The human connection is very important to us.
— Adam & Emiliano

How do they work differently?

Lovemusic's practice is human. Spending time together and really listening to one another reflects their non-hierarchical methods. Their practice informs their values. All voices are heard, each idea considered. All share the experience of settling in another country, which connects and inspires them (along with a deep mutual creative appreciation). Decisions are taken collectively and in a democratic way. 

The safe space created by lovemusic has rejected the traditional values of the contemporary music scene that puts aside human connection and hearing all voices. These stable values now allow them to collaborate fluidly, without barrier: any idea becomes possible. Different people bring different ideas. With every person comes a new musical aesthetic. Each project is an opportunity for inspiration and learning, sharing writing processes and individual experiences. 

In essence, lovemusic feeds a hungry space of mutual respect, creative appreciation, open-mindedness and outside of the box collaboration.

Even rehearsals lead to creative outputs:

Take for instance their most recent Diaphonique show: the Sad Album with Laura Bowler.

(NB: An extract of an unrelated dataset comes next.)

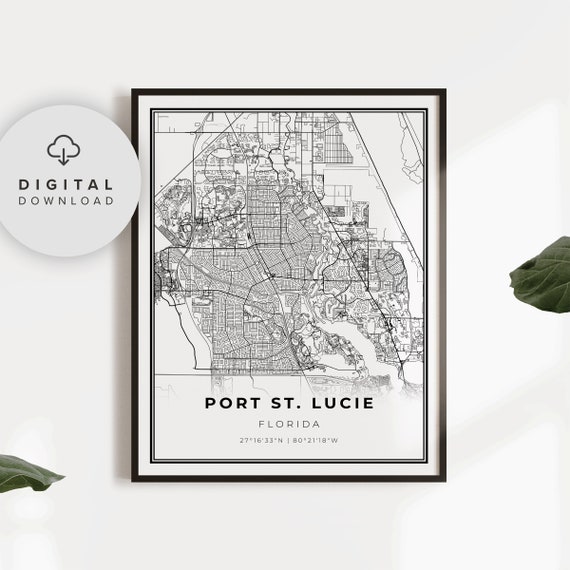 Port St Lucie Map Print Florida Fl Usa Art Poster City Street Road Prints Gift Guy Np202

During the run-through, dramaturge Sam Redway created an imaginary big red button. Every time the button was hit, they would stop, change, and do something different. This brought the show to life. Improv made its way into the rehearsal and dramatically altered the show. A lot of things came from that one and half hour session! 

Diaphonique has been there since (almost!) the beginning.

Diaphonique promotes cross-channel collaborative projects. Some members of collective lovemusic live in the sphere of being from the UK and working on developing the French scene and English scenes – so the identity of the collective is a perfect mirror of collaborations between the two sides of the channel.  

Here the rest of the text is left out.